Российский оппозиционер, член политсовета движения «Солидарность» Илья Яшин на этой неделе посетил Литву и провел встречи с рядом литовских политиков, чтобы убедить их в необходимости поддержать «акт Магнитского» на территории Европы. Об этом он рассказал в интервью Delfi.
По его мнению, оградить свои страны от действий российских коррупционеров — в интересах и самих европейских стран (Литвы в частности), и гражданского общества России.
По словам И.Яшина, советская власть была более последовательной в противостоянии Западу, а антизападная риторика нынешнего российского руководства мирно уживается с наличием за рубежом банковских счетов и имущества. Именно поэтому «акт Магнитского» принятый в США, считает он, так разозлил российские власти. По его словам, нынешний российский президент Владимир Путин хочет править, как Сталин, а жить, как миллиардер Роман Абрамович. Об этом, отношении россиян к делу юриста Сергея Магнитского, оппозиционном движении в России он рассказал в беседе с DELFI в Вильнюсе.
— Российские политики и официальные лица не раз высказывали мнение, что в Литве, как и в Эстонии и Грузии, российских оппозиционеров в специальных лагерях обучают тому, как делать революции. Вы, вероятно, приехали в Литву обучаться революционному делу? Ваше отношение к такого рода заявлениям с российской стороны?
— Я об этом слышал по российскому телевидению, но, честно говоря, ничего такого не заметил. Литва в этом смысле расслабленная страна, которую интересуют в первую очередь экономические проблемы, и я отношусь к этому с пониманием. Литва мучительно зависит от российского газа и для отстаивания своих интересов ей приходится занимать довольно аккуратную позицию в международной политике, особенно в отношениях с Россией. Я думаю, для литовских политиков стало новостью, что здесь, оказывается, расположены какие-то лагеря подготовки боевиков для цветных революций в России.
Моя задача на сегодняшний день в Литве простая. Я встречаюсь с местными политиками и пытаюсь их убедить в необходимости поддержки «закона Магнитского» на территории Европы.
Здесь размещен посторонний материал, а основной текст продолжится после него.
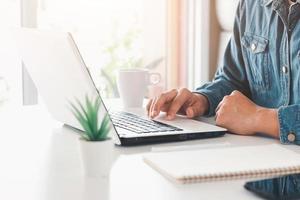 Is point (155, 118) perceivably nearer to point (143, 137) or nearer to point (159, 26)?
point (143, 137)

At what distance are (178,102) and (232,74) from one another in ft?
1.00

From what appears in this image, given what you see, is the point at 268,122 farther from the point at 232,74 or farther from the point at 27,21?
the point at 27,21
Мне кажется, что персональные санкции против конкретных коррупционеров, людей, которые несут ответственность за преследование политических оппонентов в моей стране – это то, в чем заинтересована и Европа, и гражданское общество в России.
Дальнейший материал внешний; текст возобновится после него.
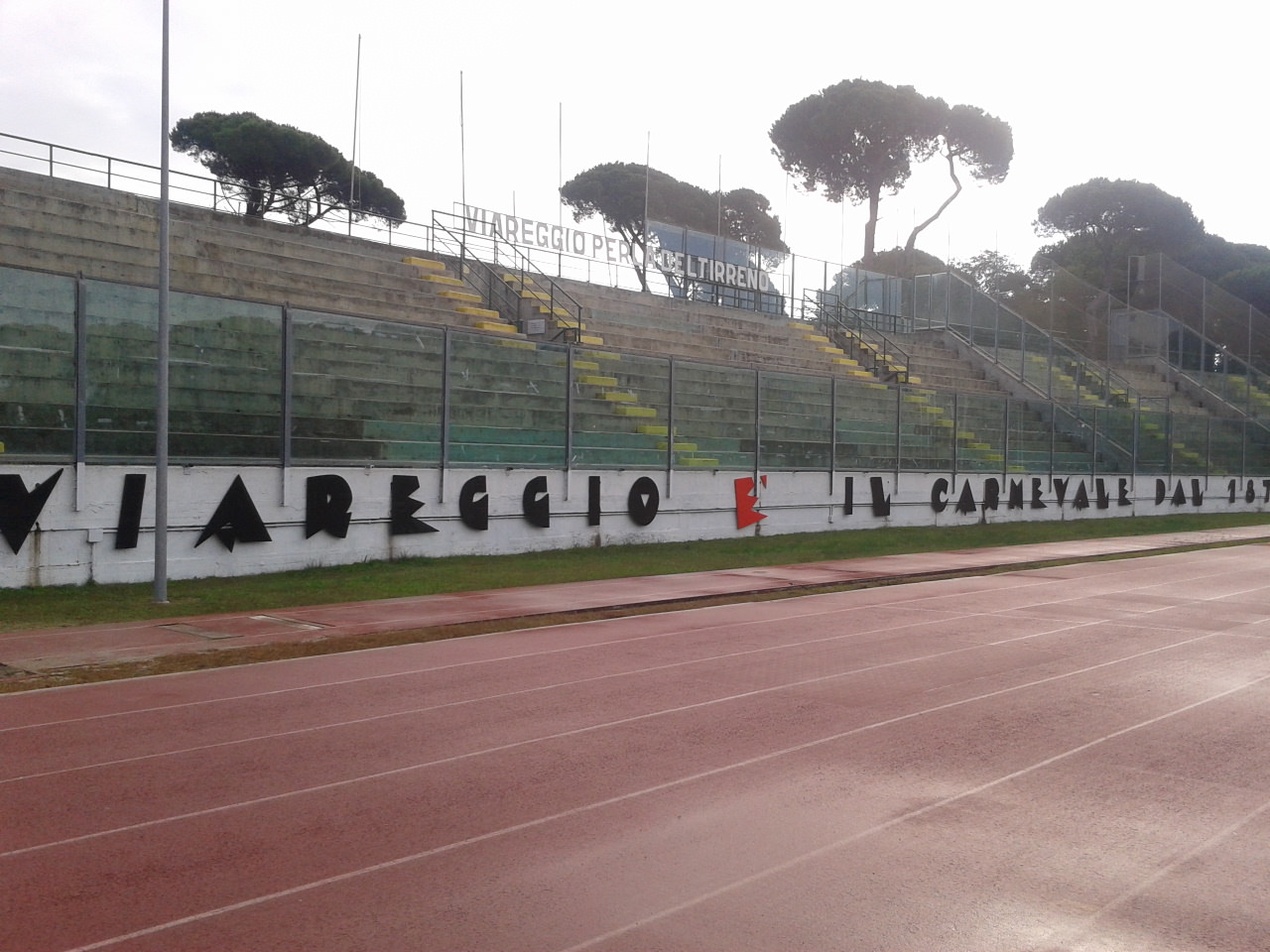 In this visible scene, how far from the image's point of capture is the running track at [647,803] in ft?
16.7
Когда судья выносит заведомо неправосудный приговор по политическим мотивам, а следователь санкционирует действия не правового характера, они должны знать: они могут это делать на территории России, но в таком случае не смогут посетить свой домик на Черном море в Болгарии или квартиру в Чехии.
— Как раз недавно появилась информация о нечистых деньгах, которые отмывались в банках Литвы, Эстонии, Швейцарии…
— У них у всех есть счета, в том числе и на территории Прибалтики.
— На Ваш взгляд, насколько сложно литовской стороне поступить так, как Вы призываете сделать, т.е. ввести какие-либо санкции в связи с делом юриста Сергея Магнитского?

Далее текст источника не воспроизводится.